Notes to Consolidated Financial Statements
(Unaudited)
1. In the opinion of Greystone Logistics, Inc. (“Greystone”), the accompanying unaudited consolidated financial statements contain all adjustments and reclassifications, which are of a normal recurring nature, necessary to present fairly its financial position as of November 30, 2009, and the results of its operations and its cash flows for the six and three month periods ended November 30, 2009 and 2008. These consolidated financial statements should be read in conjunction with the consolidated financial statements as of and for the fiscal year ended May 31, 2009 and the notes thereto included in Greystone's Form 10-K.
The financial statements have been prepared assuming that Greystone will continue as a going concern. The working capital deficit of $13,006,357, a stockholders' deficiency of $7,997,574 and its ability to obtain additional long term financing, if necessary, raise questions about Greystone’s ability to continue as a going concern. It is management’s opinion that (1) based upon interest from potential customers, adequate sales will be attained to reach a profitable status, (2) the funding for long-term financing will be obtained and (3) Greystone will continue as a going concern.
The accompanying financial statements have been prepared assuming that Greystone will continue as a going concern and do not reflect the possible effects of any adjustments that might result from Greystone’s inability to continue as a going concern.

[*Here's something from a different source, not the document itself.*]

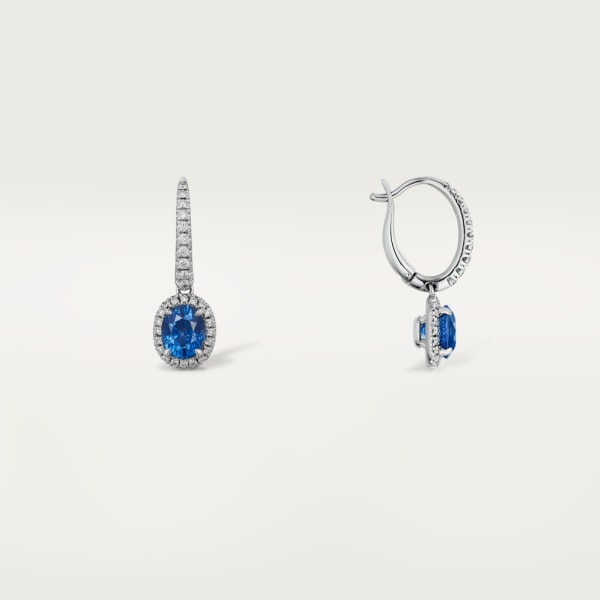 Cartier Destinée耳环，镶嵌彩色宝石 白金，蓝宝石，钻石。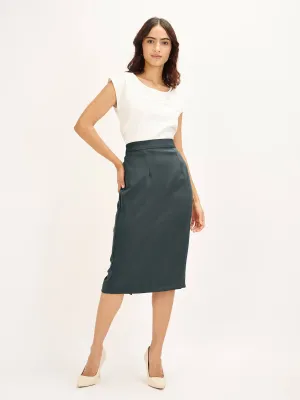 Seine Work Ready Long Pencil Skirt -Dark Grey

2. The results of operations for the six and three month periods ended November 30, 2009 and 2008 are not necessarily indicative of the results to be expected for the full fiscal year.

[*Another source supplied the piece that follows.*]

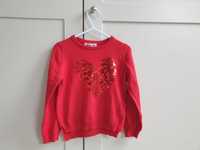 Czerwony sweter z serduszkiem cekiny H&M 98 104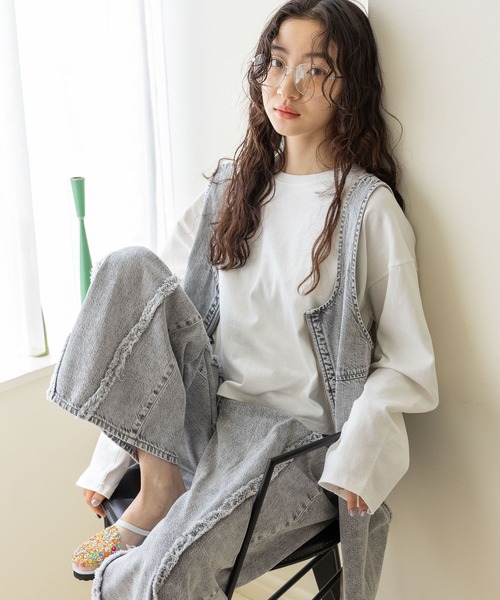「niko and...」 デニムパンツ LARGE ライトグレー レディース_画像4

3. Greystone calculates and discloses earnings per share (“EPS”) on a dual presentation of basic and diluted EPS on the face of the statements of operations. Basic EPS excludes dilution and is computed by dividing income (loss) available to common stockholders by the weighted-average number of common shares outstanding for the period. Diluted EPS reflects the potential dilution that could occur if securities or other contracts to issue common stock were exercised or converted into common stock or resulted in the issuance of common stock that then shared in the earnings of Greystone.

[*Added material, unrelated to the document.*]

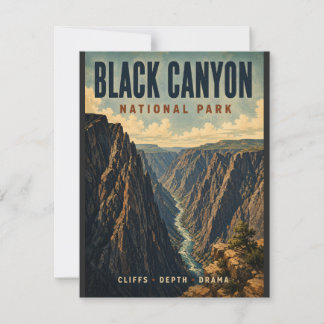 Black Canyon National Park Vintage Style Poster Card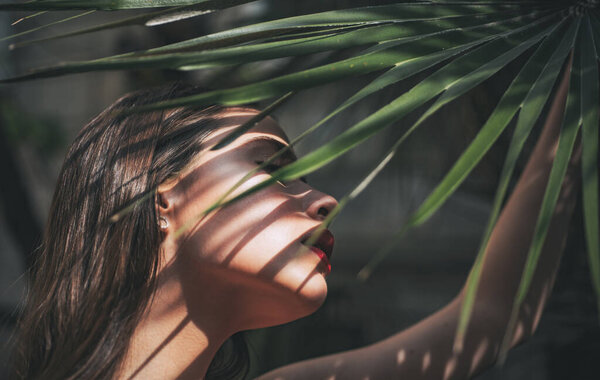 Sensual model woman with smooth skin and natural makeup. Cosmetology beauty and spa. Human face expressions. Close-up portrait of a beautiful charming young attractive lady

In computing diluted EPS, only potential common shares that are dilutive—those that reduce earnings per share or increase loss per share—are included. Exercise of options and warrants or conversion of convertible securities is not assumed if the result would be antidilutive, such as when a loss from continuing operations is reported. As a result, if there is a loss from continuing operations, diluted EPS would be computed in the same manner as basic EPS is computed.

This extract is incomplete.